++++ Record set

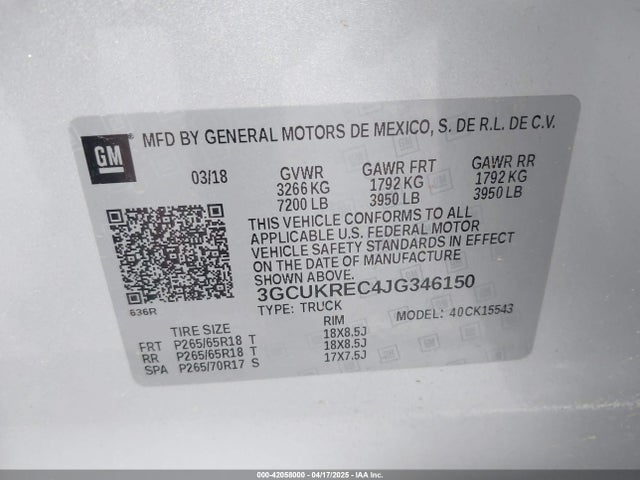 3GCUKREC4JG346150 Chevrolet Silverado 1500 2lt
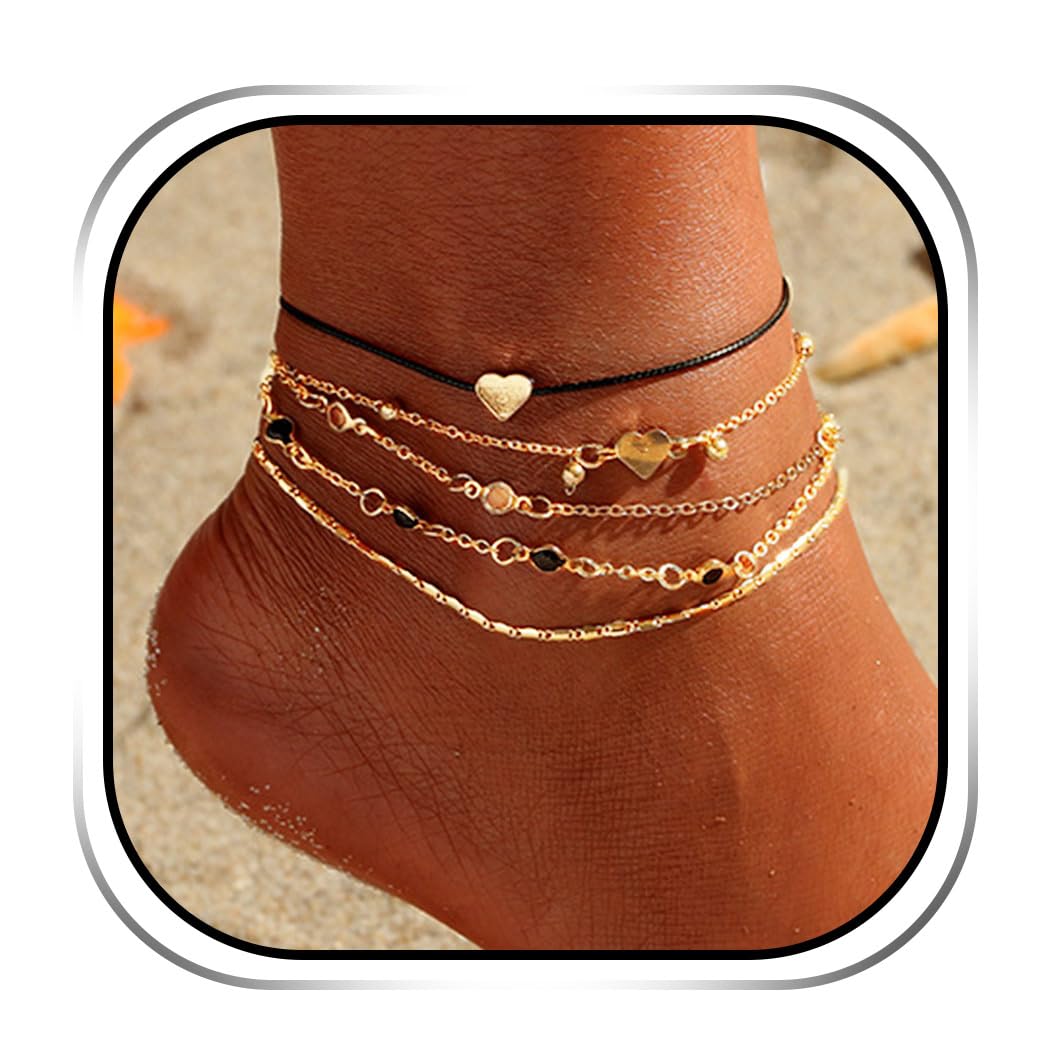 Handcess Boho Multi-Layer Anklet Gold Heart Ankle Bracelets Layered Beads Foot Chain Jewelry for Women and Girls(Pack of 5)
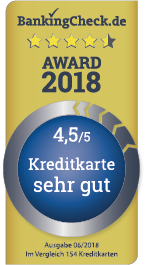 BankingCheck Award 2018 Testsiegel - Kreditkarte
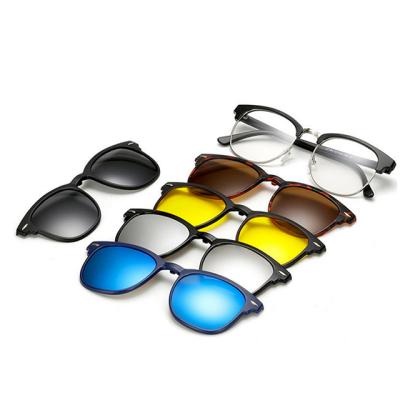 China DLC2218 Custom Sunglasses PC Polarized Magnetic Night Vision 5 in 1 Clip On Sunglasses Set with Metal Frame for sale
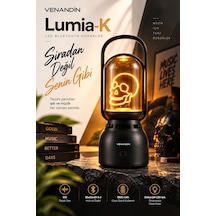 Venandin Z15-k Lumia-k Bluetooth Hoparlörlü Led Gece Lambası 5w, 1800k Sıcak Işık, 160 Lümen, Tws - Siyah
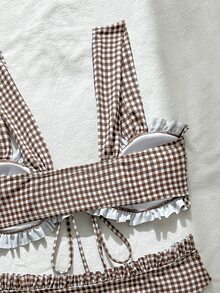 Swim Vcay Girls Sweet 2pcs Set Floral Random Print Wide Strap Chest Tie Triangle Bikini Swimwear Set For Women - Coffee Brown - View 10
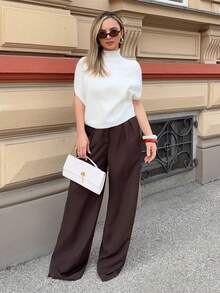 Jeta Ari Áo len nữ thanh lịch, dáng rộng, cổ đứng, tay ngắn, màu trắng/be, kiểu dáng oversized, áo chui đầu thời trang thu đông mới, đa năng, thích hợp cho mùa xuân. - Màu be - Xem 6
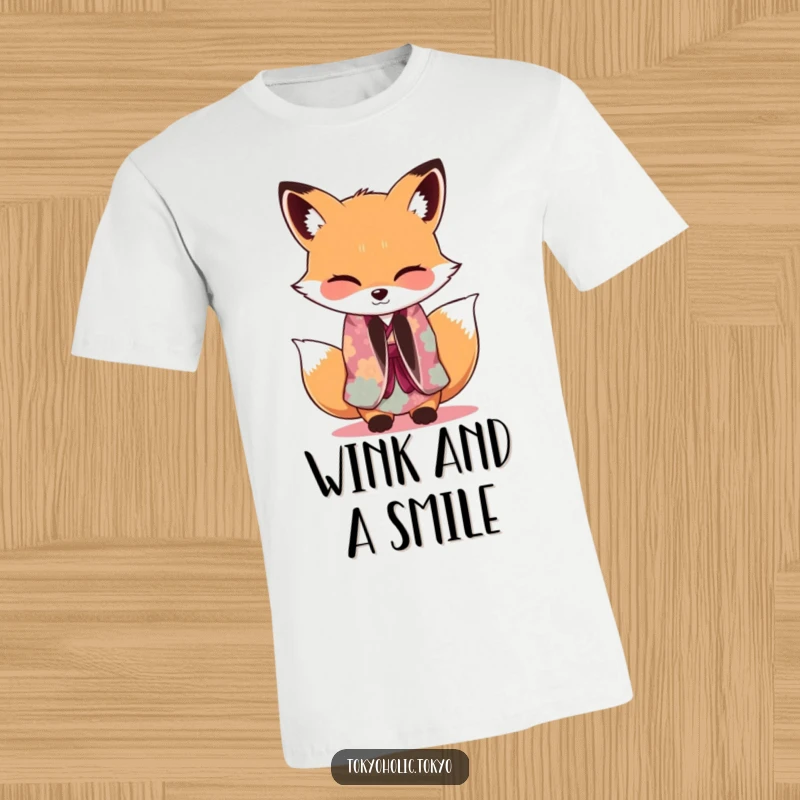 Funny Fox Kimono T-Shirt: An adorable fox in a vibrant kimono bowing gracefully with a subtle, playful wink, conveying charm and humor.
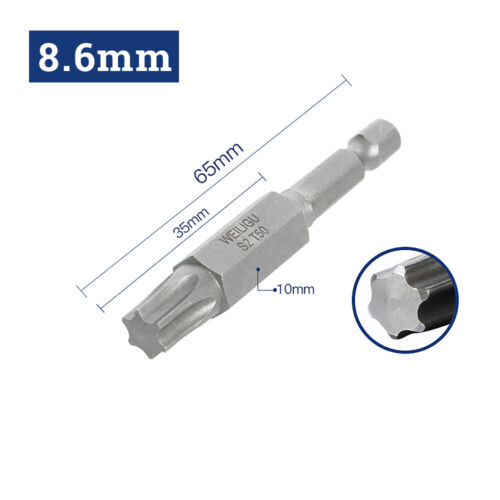 Solid Torx Screwdriver Bit Magnetic 1/4" Hex Star Security Pin T3 to T40 Long - Picture 32 of 59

++++++++

# Exercise
Give exactly the lines above that run from the line with "Venandin Z15-k Lumia-k" to the line with "Funny Fox Kimono", both included, leaving every picture out.

# Response for this exercise
 Venandin Z15-k Lumia-k Bluetooth Hoparlörlü Led Gece Lambası 5w, 1800k Sıcak Işık, 160 Lümen, Tws - Siyah
 Swim Vcay Girls Sweet 2pcs Set Floral Random Print Wide Strap Chest Tie Triangle Bikini Swimwear Set For Women - Coffee Brown - View 10
 Jeta Ari Áo len nữ thanh lịch, dáng rộng, cổ đứng, tay ngắn, màu trắng/be, kiểu dáng oversized, áo chui đầu thời trang thu đông mới, đa năng, thích hợp cho mùa xuân. - Màu be - Xem 6
 Funny Fox Kimono T-Shirt: An adorable fox in a vibrant kimono bowing gracefully with a subtle, playful wink, conveying charm and humor.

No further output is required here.